Log 05 - 05 September 2005
Hello from the scene of Incident Command in the Blackham Coliseum in LaFayette, Louisiana. From an operational standpoint, we have two primary focuses: sheltering and water rescue. Nicholas Gilman of the Animal Rescue League of Boston has geared up water rescue efforts for today, and Ginger and Meredith of American Humane, and Sandy Luppi from ARL-Boston will head up our sheltering operations. I’ve been answering the phone, sending requests, juggling resources. I am very fortunate to have an awesome group of people out here. These are folks I can delegate to and be confident that things will get done safely and effectively.
We are coordinating with other animal welfare organizations, so that we can all accomplish what we’re there to do -- save animals.
We were up to midnight (again) loading boats and supplies for the water rescue efforts and cleaning out vehicles and preparing for sheltering tasks. Our water rescue group was up at 4 AM today and on the road at 4:30, and the shelter opened up at 6:30.

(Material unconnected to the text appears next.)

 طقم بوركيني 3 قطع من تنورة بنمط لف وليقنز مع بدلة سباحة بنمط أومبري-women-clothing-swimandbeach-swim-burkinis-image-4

Water rescue operations had started in the New Orleans area, but all water operations were ceased in the early afternoon by emergency management when it was determined that units should not be in that area. Hopefully this will be only a minor setback. It’s been so frustrating knowing that we have so many animals in need -- so many rescuers willing to help, and so many obstacles to overcome to get to them.
I want to share some of the encounters we’ve had on our way to Lafayette
We spent Saturday night in the parking lot in Gulfport -- at the construction site for the new Humane Society. The building looked great! Early Sunday, we headed west out of Gulfport en route for Louisiana. Early indications from the state headed us for Gonzales but we were rerouted to Lafayette.
Volunteer Ginger has family in Slidell, so we parked the rig and our vehicles while she and Meredith went in to rescued poor little Yoda the Cat. After we broke down the back window, Yoda made a beeline from the fallen sheetrock for the utility room. We were able to reach her and hug her like she’s probably never been hugged. She immediately became one of our team. We brought her to the Blackham Coliseum and have given her more food and water each day than she’s probably seen in a week. Our teams are working hard so that all the animals in this disaster can be found and rescued like Yoda.
Everywhere we go, the folks are so nice. We pulled into a small town just outside Slidell for something to drink and I asked a resident for directions. She started pointing and was speaking normally when her voice cracked and she just broke out in tears. She explained that she was so moved by all of the folks who were willing to come and help that she couldn’t help getting emotional.
Even the cops are friendly! At a gas station, we were put in the front of the line, given our own pump, and even allowed to exceed the $25.00 limit. What a wonderful group of people just wanting to help us get to the animals. When Ginger told them we were headed for New Orleans one of them piped up, “Honey, you stay right here and we will take good care of you.”
Our caravan was just coming into Lafayette -- one more exit to go -- when the right front tire of our rescue rig blew. Connor said it was like wrestling a 2000-lb bull to the ground, this 82’ of truck loaded with food and water. I doubt there are a lot of drivers that could have handled that load any better than Connor, and we are very fortunate to have him. Our truck is also our home. We promised the state veterinarian that we would be self-sufficient, so Connor talked the tow truck operator into pulling the truck intact into the shelter area so that we would have our sleeping area and generator while we waited for help.
We finally pulled into Lafayette at about 3 PM, and as I walked up to the shelter, a young lady came right up to me. Before I could introduce myself, she me a bear hug. No sooner had she let go, that I received another one. They were so happy to see us. What a wonderful job these folks had done on starting this shelter. The animals were well cared for, the shelter was spotless, the paperwork was well organized and the place even smelled good!
What was most impressive was that this entire shelter was set up by a relatively small staff over a very short period of time. These folks have been staffing the shelter since it opened and are truly looking forward to a break. Our goal is to help them run the shelter while we bring in additional resources.